Biocon’s R&D group has successfully developed a tablet for oral delivery of IN-105, its formulation carefully selected to give consistent absorption and glucodynamic effect. In the clinic, this molecule has completed phase-I trials. The results of the dose range finding of phase-II trials were presented at European Association for the Study of Diabetes (EASD), Rome in September 2008, and the product is expected to hit the market in 2010. Its other product, Nasulin, an intra-nasal insulin spray, is being co-developed with Bentley Pharmaceuticals Inc. and shall also hit the markets the same year.

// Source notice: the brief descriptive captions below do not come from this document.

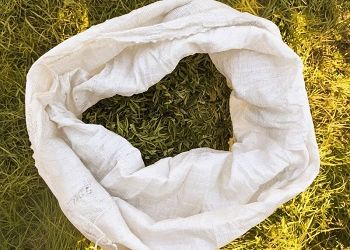 Амурчанин с мешками конопли пытался удрать от полицейских Амурчанин с мешками конопли пытался удрать от полицейских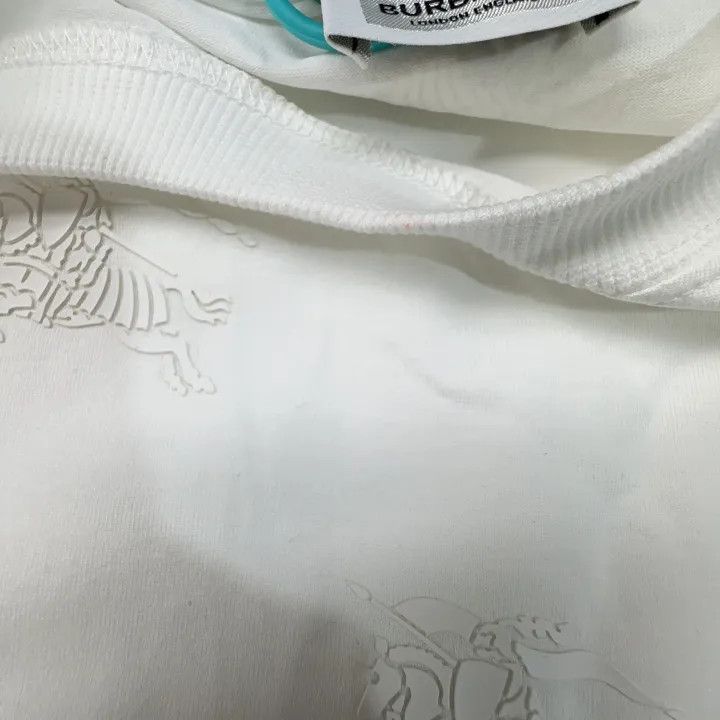Burberry Burberry Patterned Short Sleeve T-shirt for Women 0079 Size XS / US 0-2 / IT 36-38 - 5 Thumbnail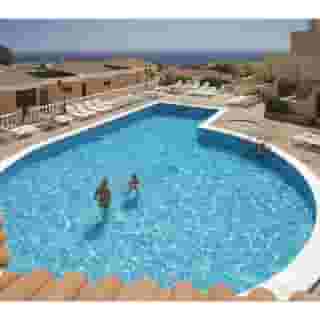 Paradise Court, 3 of 5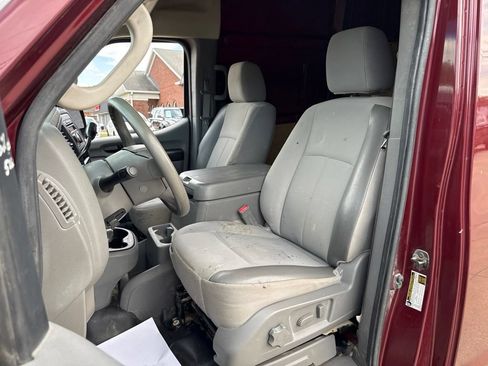 Used 2012 Nissan NV 2500 SV w/ Side Curtain Airbag Pkg RWD image 2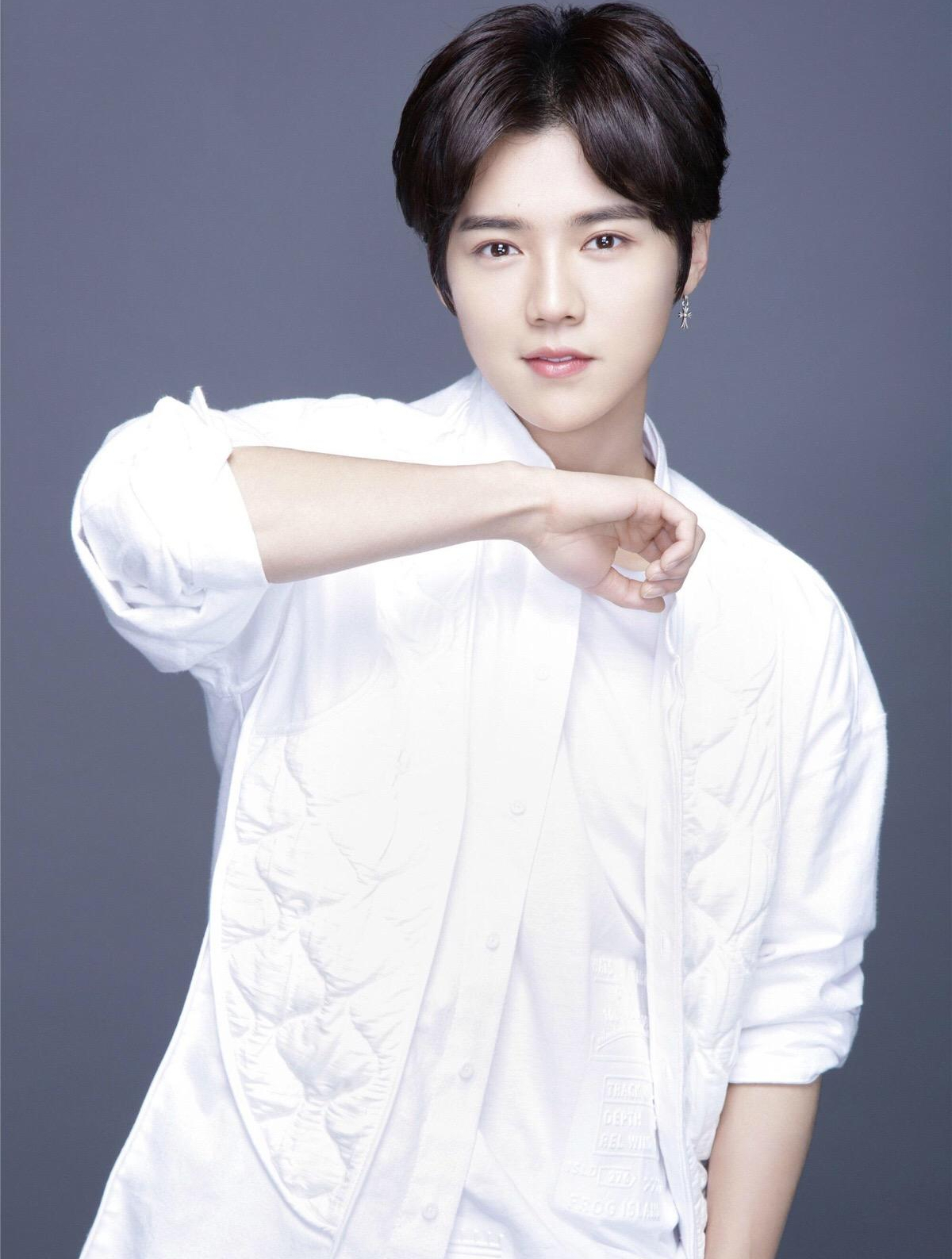 "初代顶流"鹿晗,号称海淀校草风靡一时,被exo选中反成替补1-度小视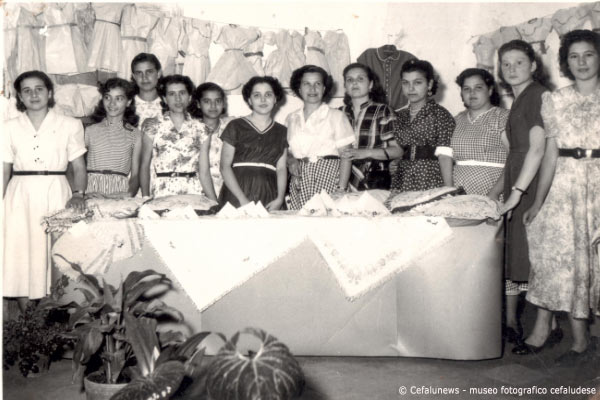 1960 al centro della foto Pina Glorioso "principi" con altre amiche Cifalutane nel laboratorio sartoria dove andavano ad imparare il mestiere di sarta 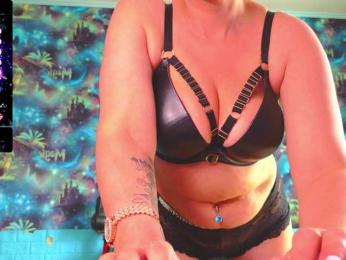 Mistress-Gwen — Bongacams recorded stream image, 22.07.2025 04:10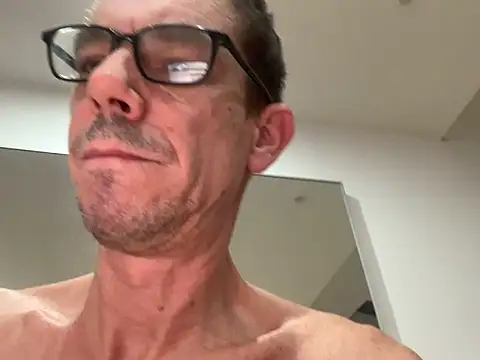 Snapshot of Kenhornu chatting on 18, 11, 2025 Kenhornu online show from 18, 11, 2025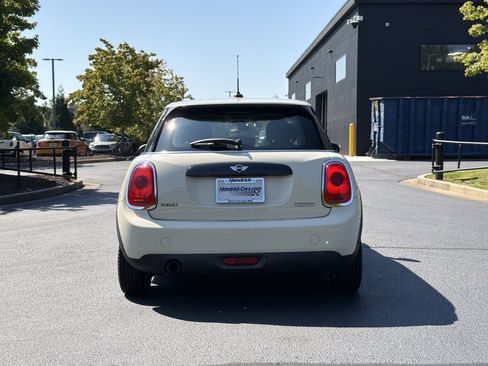 Used 2016 MINI Cooper 4-Door Hardtop FWD image 16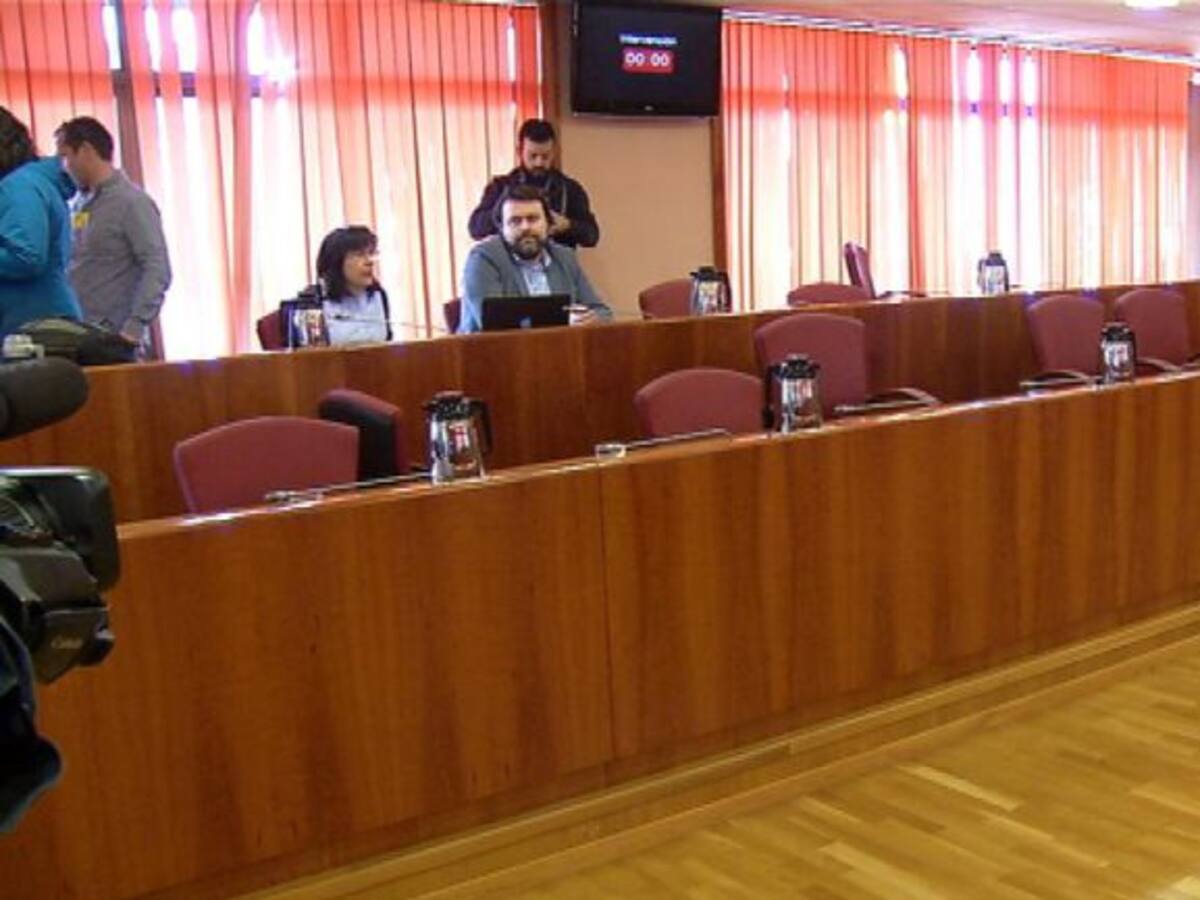 El pleno rechaza a Red Madre como Vigués Distinguido y propone a Cáritas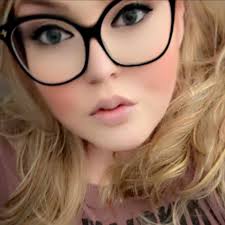 They really do love each other just having a “sisterly” moment.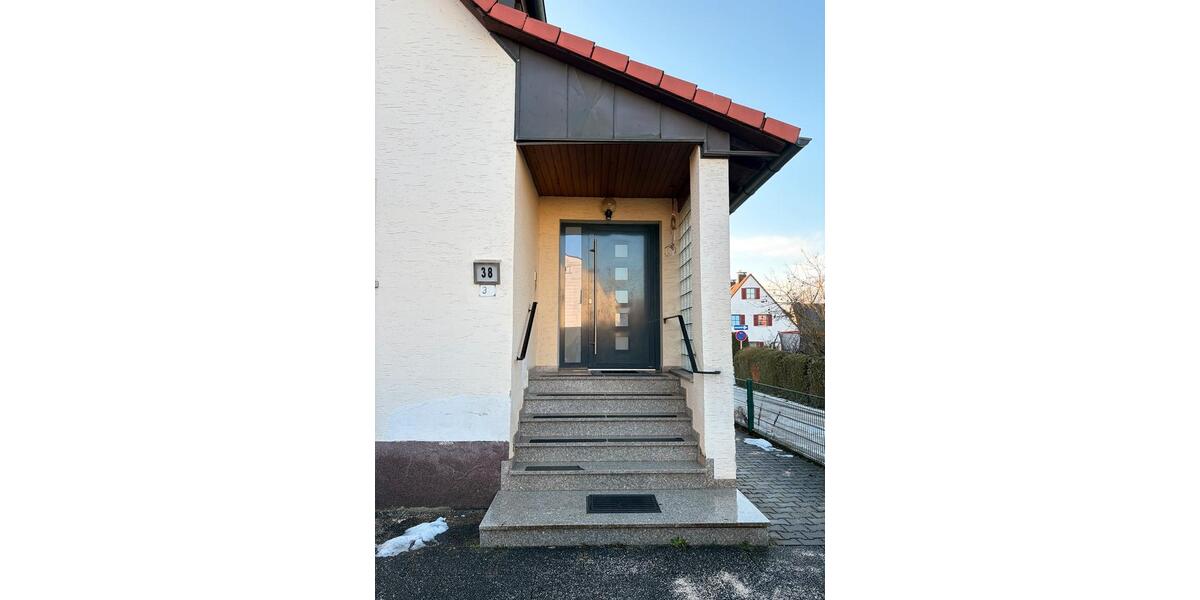 Etagenwohnung Gräfenberg - 3 Zimmer, 79 m&sup2;, 1.150&euro; | Angebot:24679899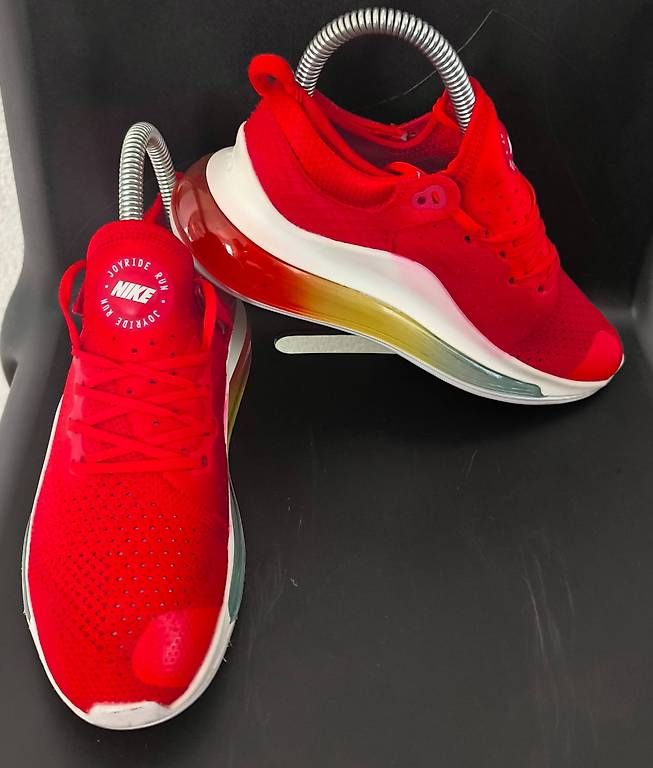 Scarpe da donna: Nike Joyride Run Flyknit  Rot. Gr. 37.5  – Usato da Pully venduto da vir_58dk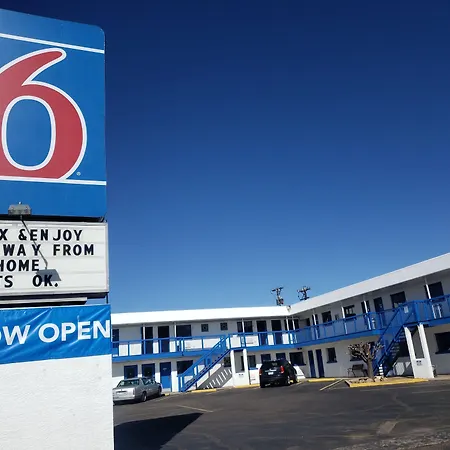 Motel 6-Canon City, Co 719-458-1216-3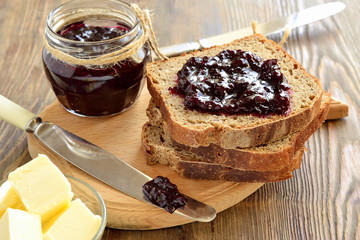 Wholegrain toast with blackcurrant jam and butter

 In the future, insulin may be delivered by implanted or transferral systems. Insulin pumps are already popular in the US, where the small mobile phone-size devices which send a continuous flow of insulin into the body through a hypodermic tip. Implantable insulin pumps are currently under development in Europe and the US. Another future option for insulin administration may be the intranasal route that offers ease of delivery and fast absorption time. In addition, gene therapy and the potential for implanting insulin-producing pancreatic cells are also being researched.
With diabetes now the fifth leading cause of death across developed markets and figures from PricewaterhouseCoopers (PwC) suggesting the disease is forecast to grow by 7.1 percent across the globe by 2013, the market for once-a-day drug delivery and non-invasive drug delivery systems continues to offer significant potential for expansion. India is predicted to lead the way with 73.5 million people expected to have the disease by 2025. As such, companies like US-based Eli Lilly by announcing a joint venture with Indian company Jubilant Organisms in October 2008, are looking to secure their place in the market. The next few years promise dramatic change in the treatment of diabetes, much of which will be driven by rapidly developing technology. Every company is striving for two common goals, patient convenience and better control of the disease.

History
In 1921 Canadian research team led by Dr. Fredrick G Banting discovered insulin extracted from the islets of animal pancreas. Later, bovine insulin was given to humans by injection in 1922. In 1936, protamine, a low-weight protein is used to develop a slow-release insulin. In 1950 yet another approach led to the development of presently available Isophane NPH (Neutral Protamine Hagedorn) insulin, which is also bound to protamine. It was only in 1978, scientists from the biotechnology corporation Genentech in San Francisco, California, used a genetically manipulated plasmid of E. coli bacteria to produce insulin with the same amino sequence as seen in humans. The race to mass produce ‘human’ insulin using gene technology was won by Eli Lilly in 1982 when the Food and Drug Administration (FDA) approved Humulin-R (rapid) and Humulin-N (NPH) for the US market. This was followed by Novo’s semisynthetic insulins, Actrapid HM and Monotard HM. Since 1996, different insulin analogues have been introduced worldwide such as Humalog from Eli Lilly, Lantus and Apidra from Aventis, Levemir and NovoRapid from Novo Nordisk to name a few.